▶ _Record extracts_
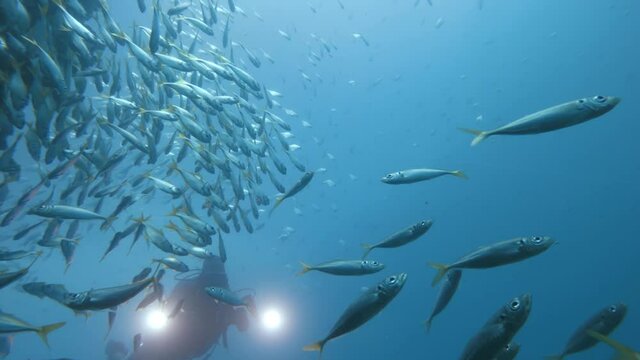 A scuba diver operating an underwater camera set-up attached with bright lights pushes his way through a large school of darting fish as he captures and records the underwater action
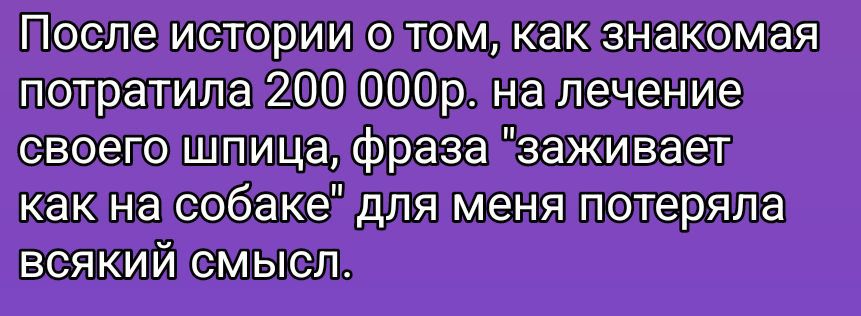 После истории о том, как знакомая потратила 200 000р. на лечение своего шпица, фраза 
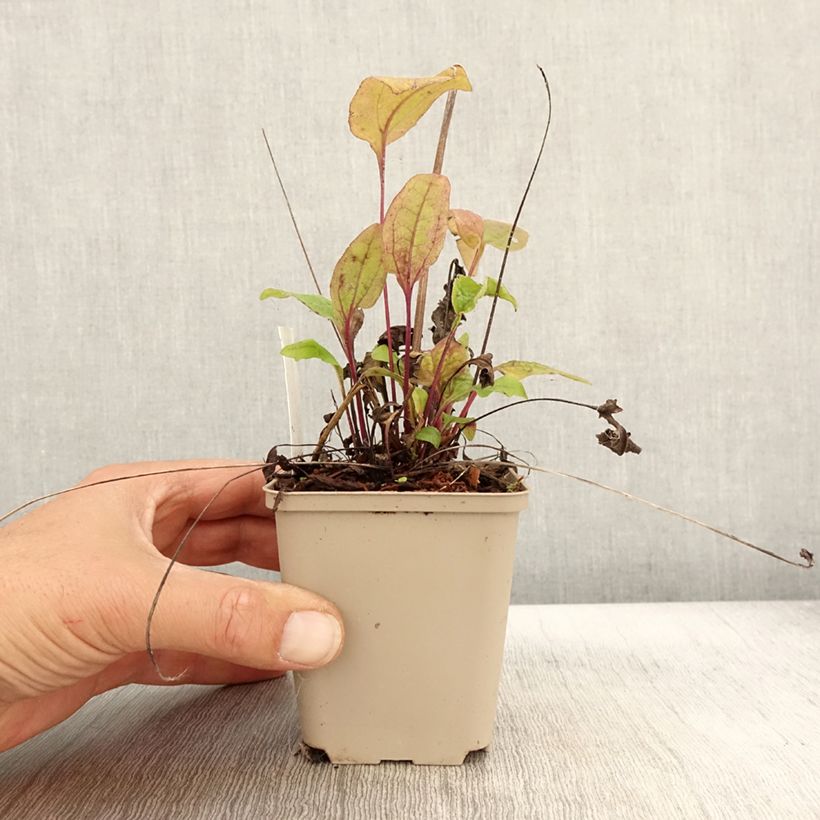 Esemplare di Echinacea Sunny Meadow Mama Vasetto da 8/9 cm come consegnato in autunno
...
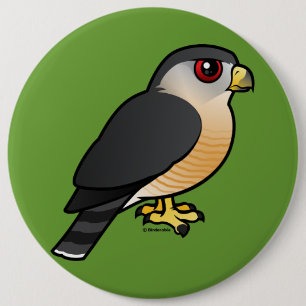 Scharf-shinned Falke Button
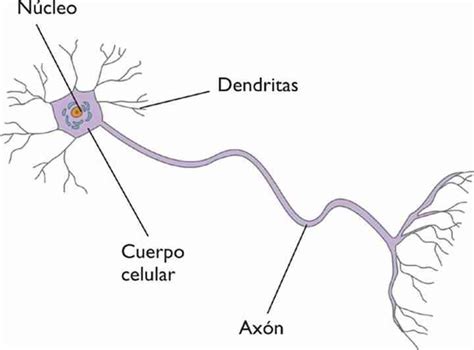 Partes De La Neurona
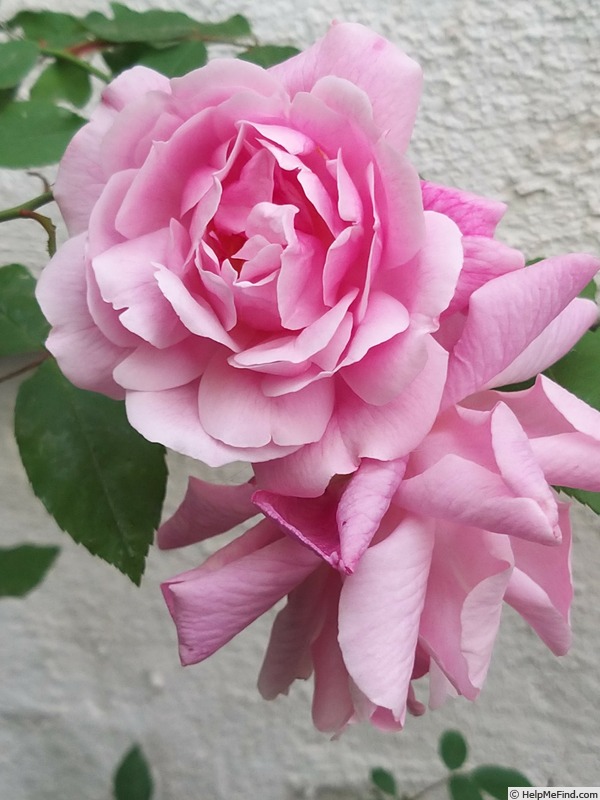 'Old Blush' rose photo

▶ _What the exercise asks_
Going by the entries above, repeat exactly the lines that start at the line with "После истории о" and go on through the line with "Esemplare di Echinacea". Pictures are not part of the copy.

▶ _Task result_
 После истории о том, как знакомая потратила 200 000р. на лечение своего шпица, фраза 
 Esemplare di Echinacea Sunny Meadow Mama Vasetto da 8/9 cm come consegnato in autunno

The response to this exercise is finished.